Le accuse di Marcello a Trasea

28. Aprì le ostilità Cossuziano; poi Marcello, rincarando la dose, gridava che erano in gioco gli interessi supremi dello stato e che la tolleranza di chi comanda era svalutata dall'arroganza degli inferiori. Troppo permissivi - sosteneva - erano stati fino a quel giorno i senatori, per aver consentito che un Tressa ribelle, che suo genero Elvidio Prisco sulle stesse folli posizioni e con loro Paconio Agrippino, che aveva ereditato dal padre l'odio contro il principato, e Curzio Montano, compositore di versi detestabili, si prendessero impunemente gioco di tutti. Chiedeva dunque che in senato fosse presente il consolare, nelle occasioni di pubbliche preghiere il sacerdote, nel giuramento il cittadino, a meno che Trasea, opponendosi alle istituzioni e ai riti degli antenati, non avesse voluto assumere apertamente il ruolo di traditore e di nemico della patria.
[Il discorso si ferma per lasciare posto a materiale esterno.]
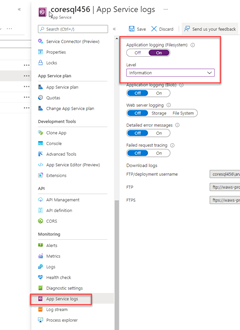A screenshot showing how to enable logging for the web app in the Azure portal.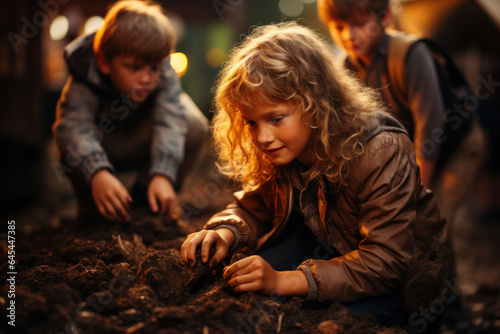 Kids dig into the soil, discovering earthworms and learning about soil health. Concept of Soil Exploration. Generative Ai.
Facesse dunque il senatore, e lui, ch'era solito proteggere i denigratori del principe, venisse a dire cosa voleva correggere o cambiare: sarebbe stato più facile accettarlo nei suoi attacchi contro singoli provvedimenti che subire il suo attuale silenzio, esprimente una condanna su tutto. Gli dispiaceva forse la pace realizzata in tutta la terra o la vittoria senza perdite ottenuta dagli eserciti? O si doveva assecondare la perversa ambizione di un uomo che soffriva della pubblica felicità, per il quale le piazze, i teatri, i templi erano come deserti, e che agitava il suo esilio come una minaccia? Per lui non esistevano le deliberazioni del senato, non le magistrature, non la città di Roma. Troncasse allora ogni rapporto con quella patria, che aveva, in passato, rifiutato d'amare e, ora, anche di vedere.

 

Testo originale

XXVIII. Et initium faciente Cossutiano, maiore ui Marcellus summam rem publicam agi clamitabat; contumacia inferiorum lenitatem imperitantis deminui. Nimium mitis ad eam diem patres, qui Thraseam desciscentem, qui generum eius Heluidium Priscum in isdem furoribus, simul Paconium Agrippinum, paterni in principes odii heredem, et Curtium Montanum detestanda carmina factitantem eludere impune sinerent. Requirere se in senatu consularem, in uotis sacerdotem, in iure iurando ciuem, nisi contra instituta et caerimonias maiorum proditorem palam et hostem Thrasea induisset. Denique agere senatorem et principis obtrectatores protegere solitus ueniret, censeret quid corrigi aut mutari uellet: facilius perlaturos singula increpantem quam nunc silentium perferrent omnia damnantis. Pacem illi per orbem terrae, an uictorias sine damno exercituum displicere? Ne hominem bonis publicis maestum, et qui fora theatra templa pro solitudine haberet, qui minitaretur exilium suum, ambitionis prauae compotem facerent. Non illi consulta haec, non magistratus aut Romanam urbem uideri. Abrumperet uitam ab ea ciuitate cuius caritatem olim, nunc et aspectum exuisset.